Published by New York State Law Reporting Bureau pursuant to Judiciary Law § 431.

This opinion is uncorrected and will not be published in the printed Official Reports.

Decided on April 27, 2012


The judgment, after a non-jury trial, dismissed the complaint. The appeal from the judgment brings up for review an order of the same court (Peter Paul Sweeney, J.) entered October 16, 2009 denying plaintiff's motion to vacate the decision after trial.

ORDERED that the judgment is reversed, without costs, and judgment is directed to be entered in favor of plaintiff in the principal sum of $180.

Plaintiff commenced this action to recover the sum of $19,350, alleging that defendant had breached a contract in which it had agreed to procure for plaintiff a commercial tenant who would be willing to pay rent of $2,150 per month or, if it failed to procure such a tenant, to pay up to $2,150 per month for one year to make up the difference. At a non-jury trial, both parties proffered testimony regarding a negotiation with a prospective tenant who had been proposed by defendant two months after the contract had been executed. Plaintiff ultimately never executed a lease with the proposed tenant, and defendant, who had paid the agreed-upon rent of $2,150 for the first two months of the contract, did not make any further rent payments to plaintiff. The Civil Court found, based on the negotiations, that defendant had not breached its contract with plaintiff.

Implicit in the Civil Court's holding is a finding that defendant procured a tenant. We find no basis in the record to disturb that implicit determination (see Claridge Gardens v Menotti, 160 AD2d 544 [1990]). However, it is undisputed that the tenant procured by defendant was only ready, willing and able to pay a monthly rent of $1,800. Accordingly, even if the tenant had entered into a lease with plaintiff, a difference of $350 a month chargeable to defendant would have remained. Defendant's witness testified that defendant had, pursuant to plaintiff's request, paid plaintiff's condominium maintenance fees of $332, leaving a balance of $18 per month chargeable to defendant, as conceded by defendant at trial. Accordingly, plaintiff is entitled to a judgment of $180, reflecting $18 per month for the last 10 months of the contract.

We note that plaintiff's motion to vacate the decision after trial on the ground that she had not been represented at trial was properly denied, as plaintiff had charted her own course in choosing to proceed pro se (see Duffen v State of New York, 245 AD2d 653 [1997]).

Accordingly, the judgment dismissing the complaint is reversed and judgment is directed to be entered in plaintiff's favor in the principal sum of $180.

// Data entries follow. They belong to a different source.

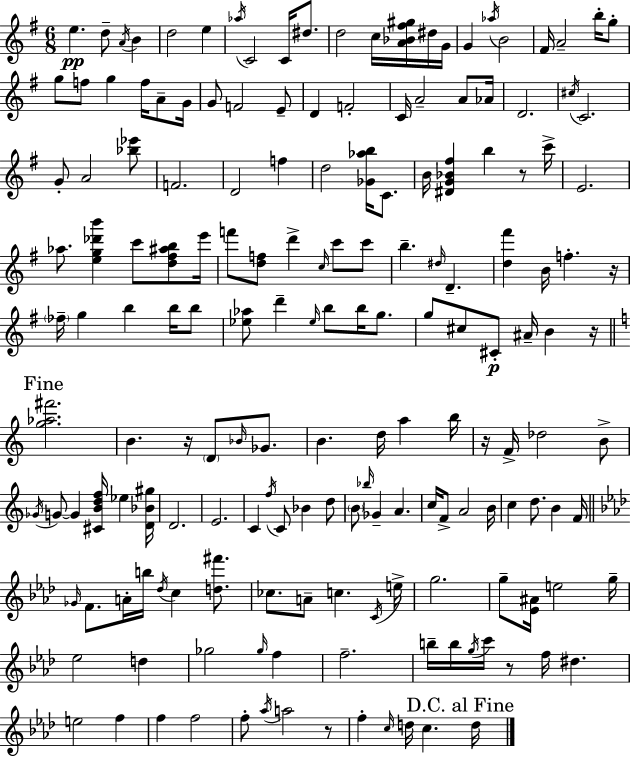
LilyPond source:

{
  \clef treble
  \numericTimeSignature
  \time 6/8
  \key e \minor
  e''4.\pp d''8-- \acciaccatura { a'16 } b'4 | d''2 e''4 | \acciaccatura { aes''16 } c'2 c'16 dis''8. | d''2 c''16 <a' bes' fis'' gis''>16 | \break dis''16 g'16 g'4 \acciaccatura { aes''16 } b'2 | fis'16 a'2-- | b''16-. g''8-. g''8 f''8 g''4 f''16 | a'8-- g'16 g'8 f'2 | \break e'8-- d'4 f'2-. | c'16 a'2-- | a'8 aes'16 d'2. | \acciaccatura { cis''16 } c'2. | \break g'8-. a'2 | <bes'' ees'''>8 f'2. | d'2 | f''4 d''2 | \break <ges' aes'' b''>16 c'8. b'16 <dis' g' bes' fis''>4 b''4 | r8 c'''16-> e'2. | aes''8. <e'' g'' des''' b'''>4 c'''8 | <d'' fis'' ais'' b''>8 e'''16 f'''8 <d'' f''>8 d'''4-> | \break \grace { c''16 } c'''8 c'''8 b''4.-- \grace { dis''16 } | d'4.-- <d'' fis'''>4 b'16 f''4.-. | r16 \parenthesize fes''16-- g''4 b''4 | b''16 b''8 <ees'' aes''>8 d'''4-- | \break \grace { ees''16 } b''8 b''16 g''8. g''8 cis''8 cis'8-.\p | ais'16-- b'4 r16 \mark "Fine" \bar "||" \break \key c \major <g'' aes'' fis'''>2. | b'4. r16 \parenthesize d'8 \grace { bes'16 } ges'8. | b'4. d''16 a''4 | b''16 r16 f'16-> des''2 b'8-> | \break \acciaccatura { ges'16 } g'8~~ g'4 <cis' b' d'' f''>16 ees''4 | <d' bes' gis''>16 d'2. | e'2. | c'4 \acciaccatura { f''16 } c'8 bes'4 | \break d''8 \parenthesize b'8 \grace { bes''16 } ges'4-- a'4. | c''16 f'8-> a'2 | b'16 c''4 d''8. b'4 | f'16 \bar "||" \break \key aes \major \grace { ges'16 } f'8. a'16-. b''16 \acciaccatura { des''16 } c''4 <d'' fis'''>8. | ces''8. a'8-- c''4. | \acciaccatura { c'16 } e''16-> g''2. | g''8-- <ees' ais'>16 e''2 | \break g''16-- ees''2 d''4 | ges''2 \grace { ges''16 } | f''4 f''2.-- | b''16-- b''16 \acciaccatura { g''16 } c'''16 r8 f''16 dis''4. | \break e''2 | f''4 f''4 f''2 | f''8-. \acciaccatura { aes''16 } a''2 | r8 f''4-. \grace { c''16 } d''16 | \break c''4. \mark "D.C. al Fine" d''16 \bar "|."
}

Pesce, P.J., and Rios, J., concur.

Weston, J., dissents in a separate memorandum.

Weston, J., dissents and votes to affirm the judgment in the following memorandum:

In this action for breach of contract, I disagree with the majority's decision to award plaintiff damages where plaintiff failed to prove a breach of contract. Indeed, a review of the record demonstrates that any failure to obtain a tenant was the result of plaintiff's own doing.

As the Civil Court expressly held, defendant, in good faith, procured an acceptable prospective tenant for plaintiff, providing plaintiff with ample financial and personal information about the prospective tenant. Despite these efforts and defendant's repeated attempts to complete the transaction with plaintiff, plaintiff failed to respond, resulting in the tenant leasing space elsewhere. To the extent the majority concludes that plaintiff is somehow entitled to compensation, nothing in the contract requires such compensation where defendant clearly made a good faith attempt to locate a tenant for plaintiff and plaintiff refused to follow through with the transaction. Indeed, damages cannot be awarded absent a finding of a breach of contract (see City of New York v College Point Sports Assn., Inc., 61 AD3d 33 [2009]), and the majority's decision to award them here is simply untenable. Any offer by defendant to pay the difference between plaintiff's common charges and the amount chargeable to defendant had the tenant been accepted is outside the terms of the contract. Consequently, defendant had no obligation to pay this amount and should not be penalized for its generosity.

Accordingly, I vote to affirm the judgment.